Let’s gossip!

At long last, Gossip Girl is back! How many of my readers are fans of the show? I know you exist, so don’t bother denying it. I’m admitting it to the world, so you can, too. I’ll be the first to say that many of the plot lines are ridiculous and soap-opera to the nth degree, but I’ve always been a big follower of scandals and animals and all their lovers, so when the women in question are as fabulously dressed as Serena and Blair, well, what do hope do I have, really, of avoiding such a salacious sensation?

No need to recap the episode – if you’re a fan you’re a fan and you’ll know what I’m talking about. And if you’re not a fan, you can look forward to my next post, which will most likely be based around a peanut butter/chocolate dessert.

Let’s get into the nitty gritty!

First, I have to comment on Serena’s over-the-knee boots in the opening scene on the street. And by comment I mean AHHHHHHH!!! Does a non-word, caps, and triple exclamation points sufficiently explain my absolute and undying love for these boots? I would sleep with them at night and pet them a la “pretty bird, pretty bird.”

The boots of my bliss.

And what a choice quote we have in the next scene from Jenny McBitch Humphries: (To Lily) “If we wanted to have sex, we would go to a hotel.” Oh, OK. Nothing to fuel the passion┬álike a teenage tryst over a shared interest in drug smuggling. Drug mule!
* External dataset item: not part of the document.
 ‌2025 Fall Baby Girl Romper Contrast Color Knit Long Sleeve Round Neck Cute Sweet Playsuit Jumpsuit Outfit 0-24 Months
While I’m on the subject, what has happened to Jenny? I have a pretty strong dislike going for her now and want to see her fall. I wish Eric would try and exact some more revenge on her. And don’t you think that drug-coat she made was cheap-looking and bordering on hideous? I can’t understand why Serena would agree to wear it after planning her entire outfit around, well, not wearing something that sounded like reindeer’s bells wishing you a Merry Christmas every time you moved. Honestly, did you hear that thing clanking and clinking whenever someone touched it? Serena, you had an OUTFIT planned – who cares if Damien gave you the bolero from hell.┬áThe drug-coat totally ruined Serena’s amazingly hot dress at the French ambassador’s ball. Black. Plunging neckline. High slit. Long sleeves. Backless. Need I say more?

Those aren’t your grandmother’s jewelled embellishments…
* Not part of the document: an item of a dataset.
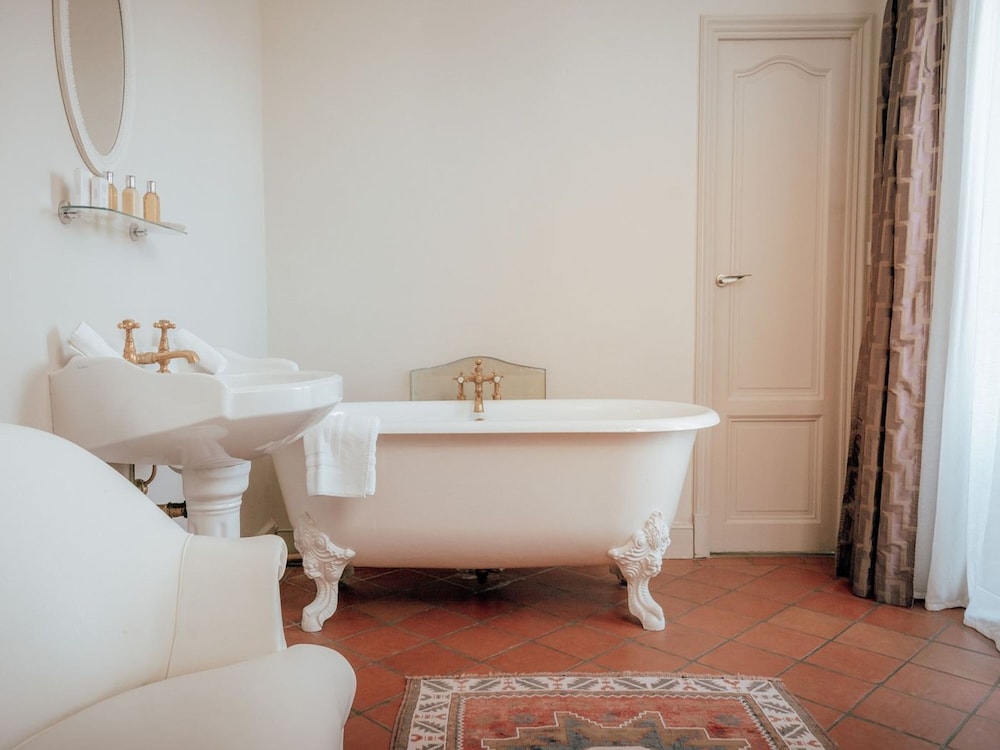Junior Suite - Photo 6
Blair also looked fantastic at the ball – her sparkly coat, sleek dress, braided hair, and chunky earrings were the complete package of the glamour only Blair can pull off (and maybe me too. If I was American. And crazy-rich. And lived on the Upper East Side. And had a famous fashion designer for a mother. And dated Chuck Bass. And…).

In another rip on Jenny, I thought her lipstick at the ball was too pink. The rest of her makeup looked great, and her eyes looked particularly amazing, but the lipstick…negative. Other thoughts on that?
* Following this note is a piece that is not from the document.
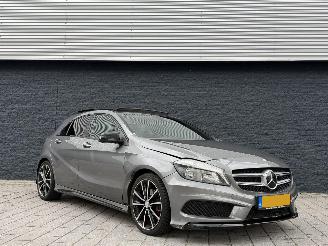 Damaged car Mercedes A-klasse A180 BENZINE AMG PANO 2012/10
So as not to dismiss the men of GG, has anyone else noticed Chuck’s more eccentric style of dress has gone the way of the dodo? I, like, um, like, totally get that he’s a super-high-powered business magnate…at 21 years old…but I miss his prepped-out country-club pant, shirt, and vest combos. They were so smug and languid with a very exact air of snob. I loved them.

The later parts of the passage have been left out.